To find the final speed of a block moving through a rough region, consider the following steps:

Given Parameters:

Initial speed of the block, $ v_i = 10 \, \text{m/s} $.

Mass of the block, $ m = 1 \, \text{kg} $.

Force of friction acting on the block, $ F_r = -k \cdot x $.

$ k = 10 \, \text{N/m} $.

Forces and Acceleration:

The acceleration $ a $ of the block is given by $ a = \frac{F}{m} = -kx $.
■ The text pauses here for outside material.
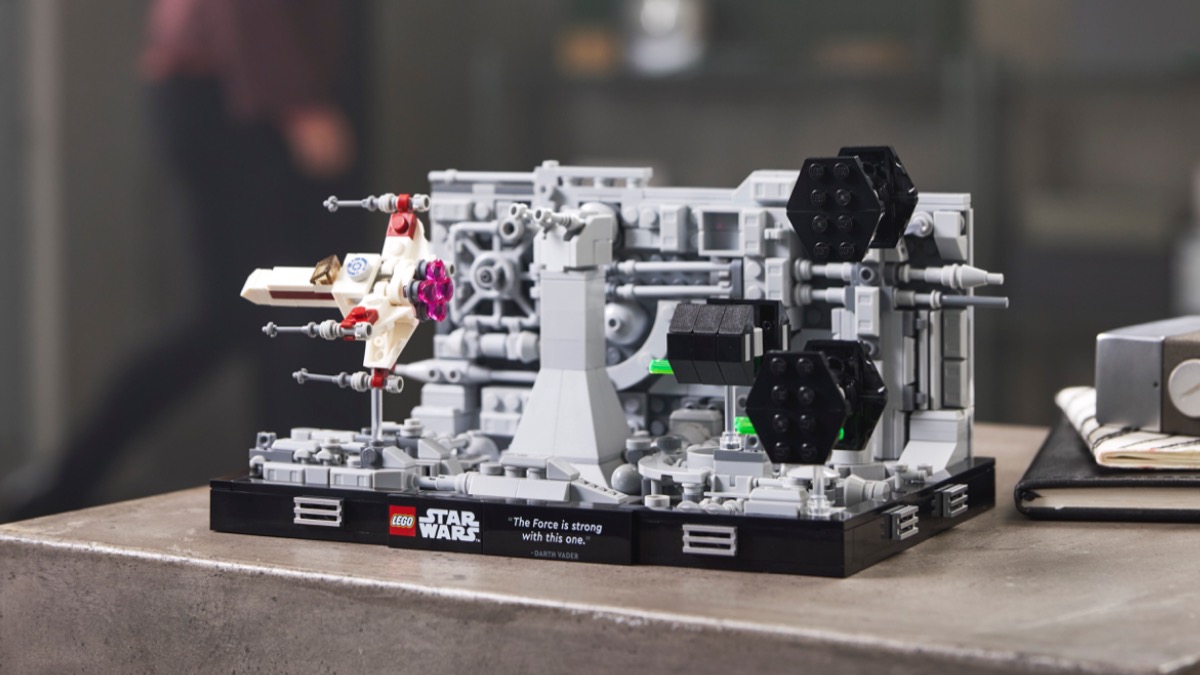 BrickFanatics's tweet photo. The LEGO Star Wars design team reveals all around the three new 18+ diorama sets, from the influence of live theatre to avoiding a weird green floor.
So, we have: $ a = -10x $.

Using the Relationship:

We use the relationship between velocity, acceleration, and position: $ v \frac{dv}{dx} = a $.

Substituting $ a $ gives: $ v \frac{dv}{dx} = -10x $.

Integrating the Equation:

Integrate both sides with respect to their variables:

$ \int_{10}^{v} v \, dv = -10 \int_{0.1}^{1.9} x \, dx $

Solving the Integrals:

The left side becomes $ \frac{v^2}{2} - \frac{100}{2} $.

The right side evaluates to $-10 \cdot \frac{(1.9^2 - 0.1^2)}{2}$.

Therefore:

$ \frac{v^2 - 100}{2} = -10 \left(\frac{1.9^2 - 0.1^2}{2}\right) $

Final Calculation:

Solve the above equation for $ v $:

$ \frac{v^2 - 100}{2} = -10 \cdot \frac{(3.61 - 0.01)}{2} $

Simplifying and solving gives:

$ v^2 - 100 = -10 \cdot 1.8 $

Solving further:

$ v^2 = 100 - 18 $

$ v^2 = 82 $

$ v = \sqrt{82} \approx 8 \, \text{m/s} $

Therefore, the final speed of the block as it exits the rough region is approximately $ 8 \, \text{m/s} $.